Short web captions:
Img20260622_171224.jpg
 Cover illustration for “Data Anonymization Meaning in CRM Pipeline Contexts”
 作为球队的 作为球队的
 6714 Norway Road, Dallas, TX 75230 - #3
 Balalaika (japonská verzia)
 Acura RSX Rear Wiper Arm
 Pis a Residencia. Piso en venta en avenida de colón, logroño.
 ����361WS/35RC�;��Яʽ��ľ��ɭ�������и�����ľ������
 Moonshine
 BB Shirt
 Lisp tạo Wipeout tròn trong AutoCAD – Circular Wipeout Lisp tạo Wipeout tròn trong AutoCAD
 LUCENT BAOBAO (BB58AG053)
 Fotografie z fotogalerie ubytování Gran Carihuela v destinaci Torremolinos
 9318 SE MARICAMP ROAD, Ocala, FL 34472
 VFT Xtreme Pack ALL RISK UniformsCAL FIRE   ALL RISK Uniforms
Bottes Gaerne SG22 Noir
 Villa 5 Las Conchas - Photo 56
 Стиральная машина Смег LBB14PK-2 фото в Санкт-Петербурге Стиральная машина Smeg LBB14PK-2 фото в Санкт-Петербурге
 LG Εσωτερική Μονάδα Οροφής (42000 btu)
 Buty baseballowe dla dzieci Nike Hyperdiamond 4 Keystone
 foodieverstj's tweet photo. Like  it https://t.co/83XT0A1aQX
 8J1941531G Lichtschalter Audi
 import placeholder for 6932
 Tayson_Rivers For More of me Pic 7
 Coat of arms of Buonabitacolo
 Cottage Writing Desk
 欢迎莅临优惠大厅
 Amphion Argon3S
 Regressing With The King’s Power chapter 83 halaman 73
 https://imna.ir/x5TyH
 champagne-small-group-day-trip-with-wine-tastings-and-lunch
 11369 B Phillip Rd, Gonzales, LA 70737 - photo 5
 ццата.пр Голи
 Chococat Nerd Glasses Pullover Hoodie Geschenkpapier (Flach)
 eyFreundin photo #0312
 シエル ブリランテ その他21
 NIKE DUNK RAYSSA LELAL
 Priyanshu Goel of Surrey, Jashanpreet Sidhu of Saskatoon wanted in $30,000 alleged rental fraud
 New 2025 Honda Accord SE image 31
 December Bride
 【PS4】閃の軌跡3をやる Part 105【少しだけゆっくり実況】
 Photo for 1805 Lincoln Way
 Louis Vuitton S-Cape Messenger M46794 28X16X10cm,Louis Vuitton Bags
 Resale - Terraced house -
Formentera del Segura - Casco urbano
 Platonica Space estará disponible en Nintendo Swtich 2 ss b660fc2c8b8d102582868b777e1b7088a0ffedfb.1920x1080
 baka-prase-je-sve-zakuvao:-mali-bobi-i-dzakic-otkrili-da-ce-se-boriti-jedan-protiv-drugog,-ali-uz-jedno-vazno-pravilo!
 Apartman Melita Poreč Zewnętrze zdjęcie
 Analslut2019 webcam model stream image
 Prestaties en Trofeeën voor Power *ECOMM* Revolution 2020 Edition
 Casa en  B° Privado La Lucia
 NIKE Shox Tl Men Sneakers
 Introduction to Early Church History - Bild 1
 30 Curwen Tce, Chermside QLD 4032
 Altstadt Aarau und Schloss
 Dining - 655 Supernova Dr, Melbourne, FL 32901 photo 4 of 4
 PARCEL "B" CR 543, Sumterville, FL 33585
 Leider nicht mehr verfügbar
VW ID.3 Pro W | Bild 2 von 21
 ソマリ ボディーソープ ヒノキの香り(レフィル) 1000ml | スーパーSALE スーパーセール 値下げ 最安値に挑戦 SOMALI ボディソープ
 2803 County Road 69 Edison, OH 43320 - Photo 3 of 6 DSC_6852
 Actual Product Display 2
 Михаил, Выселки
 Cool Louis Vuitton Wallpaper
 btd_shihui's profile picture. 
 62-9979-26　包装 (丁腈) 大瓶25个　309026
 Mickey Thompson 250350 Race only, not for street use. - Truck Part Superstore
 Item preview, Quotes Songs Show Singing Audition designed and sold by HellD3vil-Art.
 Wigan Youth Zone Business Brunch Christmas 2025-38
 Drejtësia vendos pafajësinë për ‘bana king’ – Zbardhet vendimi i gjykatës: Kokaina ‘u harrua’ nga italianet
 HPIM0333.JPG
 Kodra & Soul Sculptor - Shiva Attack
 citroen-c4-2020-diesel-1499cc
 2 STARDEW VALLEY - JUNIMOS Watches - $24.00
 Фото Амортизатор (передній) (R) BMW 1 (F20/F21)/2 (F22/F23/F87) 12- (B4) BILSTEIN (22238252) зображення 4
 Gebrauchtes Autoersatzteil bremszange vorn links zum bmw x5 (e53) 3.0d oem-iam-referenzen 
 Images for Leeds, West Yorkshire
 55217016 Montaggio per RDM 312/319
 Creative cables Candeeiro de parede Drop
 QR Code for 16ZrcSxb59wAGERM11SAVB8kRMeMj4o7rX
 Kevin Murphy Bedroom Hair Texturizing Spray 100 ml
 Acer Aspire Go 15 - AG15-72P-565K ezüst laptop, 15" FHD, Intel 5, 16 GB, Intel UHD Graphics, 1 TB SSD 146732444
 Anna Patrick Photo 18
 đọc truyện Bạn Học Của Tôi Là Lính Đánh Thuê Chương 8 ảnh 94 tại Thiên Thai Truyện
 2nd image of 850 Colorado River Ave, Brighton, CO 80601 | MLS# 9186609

- _Directions_
Write out each entry again, word for word.

- _Response to this task_
Img20260622_171224.jpg
 Cover illustration for “Data Anonymization Meaning in CRM Pipeline Contexts”
 作为球队的 作为球队的
 6714 Norway Road, Dallas, TX 75230 - #3
 Balalaika (japonská verzia)
 Acura RSX Rear Wiper Arm
 Pis a Residencia. Piso en venta en avenida de colón, logroño.
 ����361WS/35RC�;��Яʽ��ľ��ɭ�������и�����ľ������
 Moonshine
 BB Shirt
 Lisp tạo Wipeout tròn trong AutoCAD – Circular Wipeout Lisp tạo Wipeout tròn trong AutoCAD
 LUCENT BAOBAO (BB58AG053)
 Fotografie z fotogalerie ubytování Gran Carihuela v destinaci Torremolinos
 9318 SE MARICAMP ROAD, Ocala, FL 34472
 VFT Xtreme Pack ALL RISK UniformsCAL FIRE   ALL RISK Uniforms
Bottes Gaerne SG22 Noir
 Villa 5 Las Conchas - Photo 56
 Стиральная машина Смег LBB14PK-2 фото в Санкт-Петербурге Стиральная машина Smeg LBB14PK-2 фото в Санкт-Петербурге
 LG Εσωτερική Μονάδα Οροφής (42000 btu)
 Buty baseballowe dla dzieci Nike Hyperdiamond 4 Keystone
 foodieverstj's tweet photo. Like  it https://t.co/83XT0A1aQX
 8J1941531G Lichtschalter Audi
 import placeholder for 6932
 Tayson_Rivers For More of me Pic 7
 Coat of arms of Buonabitacolo
 Cottage Writing Desk
 欢迎莅临优惠大厅
 Amphion Argon3S
 Regressing With The King’s Power chapter 83 halaman 73
 https://imna.ir/x5TyH
 champagne-small-group-day-trip-with-wine-tastings-and-lunch
 11369 B Phillip Rd, Gonzales, LA 70737 - photo 5
 ццата.пр Голи
 Chococat Nerd Glasses Pullover Hoodie Geschenkpapier (Flach)
 eyFreundin photo #0312
 シエル ブリランテ その他21
 NIKE DUNK RAYSSA LELAL
 Priyanshu Goel of Surrey, Jashanpreet Sidhu of Saskatoon wanted in $30,000 alleged rental fraud
 New 2025 Honda Accord SE image 31
 December Bride
 【PS4】閃の軌跡3をやる Part 105【少しだけゆっくり実況】
 Photo for 1805 Lincoln Way
 Louis Vuitton S-Cape Messenger M46794 28X16X10cm,Louis Vuitton Bags
 Resale - Terraced house -
Formentera del Segura - Casco urbano
 Platonica Space estará disponible en Nintendo Swtich 2 ss b660fc2c8b8d102582868b777e1b7088a0ffedfb.1920x1080
 baka-prase-je-sve-zakuvao:-mali-bobi-i-dzakic-otkrili-da-ce-se-boriti-jedan-protiv-drugog,-ali-uz-jedno-vazno-pravilo!
 Apartman Melita Poreč Zewnętrze zdjęcie
 Analslut2019 webcam model stream image
 Prestaties en Trofeeën voor Power *ECOMM* Revolution 2020 Edition
 Casa en  B° Privado La Lucia
 NIKE Shox Tl Men Sneakers
 Introduction to Early Church History - Bild 1
 30 Curwen Tce, Chermside QLD 4032
 Altstadt Aarau und Schloss
 Dining - 655 Supernova Dr, Melbourne, FL 32901 photo 4 of 4
 PARCEL "B" CR 543, Sumterville, FL 33585
 Leider nicht mehr verfügbar
VW ID.3 Pro W | Bild 2 von 21
 ソマリ ボディーソープ ヒノキの香り(レフィル) 1000ml | スーパーSALE スーパーセール 値下げ 最安値に挑戦 SOMALI ボディソープ
 2803 County Road 69 Edison, OH 43320 - Photo 3 of 6 DSC_6852
 Actual Product Display 2
 Михаил, Выселки
 Cool Louis Vuitton Wallpaper
 btd_shihui's profile picture. 
 62-9979-26　包装 (丁腈) 大瓶25个　309026
 Mickey Thompson 250350 Race only, not for street use. - Truck Part Superstore
 Item preview, Quotes Songs Show Singing Audition designed and sold by HellD3vil-Art.
 Wigan Youth Zone Business Brunch Christmas 2025-38
 Drejtësia vendos pafajësinë për ‘bana king’ – Zbardhet vendimi i gjykatës: Kokaina ‘u harrua’ nga italianet
 HPIM0333.JPG
 Kodra & Soul Sculptor - Shiva Attack
 citroen-c4-2020-diesel-1499cc
 2 STARDEW VALLEY - JUNIMOS Watches - $24.00
 Фото Амортизатор (передній) (R) BMW 1 (F20/F21)/2 (F22/F23/F87) 12- (B4) BILSTEIN (22238252) зображення 4
 Gebrauchtes Autoersatzteil bremszange vorn links zum bmw x5 (e53) 3.0d oem-iam-referenzen 
 Images for Leeds, West Yorkshire
 55217016 Montaggio per RDM 312/319
 Creative cables Candeeiro de parede Drop
 QR Code for 16ZrcSxb59wAGERM11SAVB8kRMeMj4o7rX
 Kevin Murphy Bedroom Hair Texturizing Spray 100 ml
 Acer Aspire Go 15 - AG15-72P-565K ezüst laptop, 15" FHD, Intel 5, 16 GB, Intel UHD Graphics, 1 TB SSD 146732444
 Anna Patrick Photo 18
 đọc truyện Bạn Học Của Tôi Là Lính Đánh Thuê Chương 8 ảnh 94 tại Thiên Thai Truyện
 2nd image of 850 Colorado River Ave, Brighton, CO 80601 | MLS# 9186609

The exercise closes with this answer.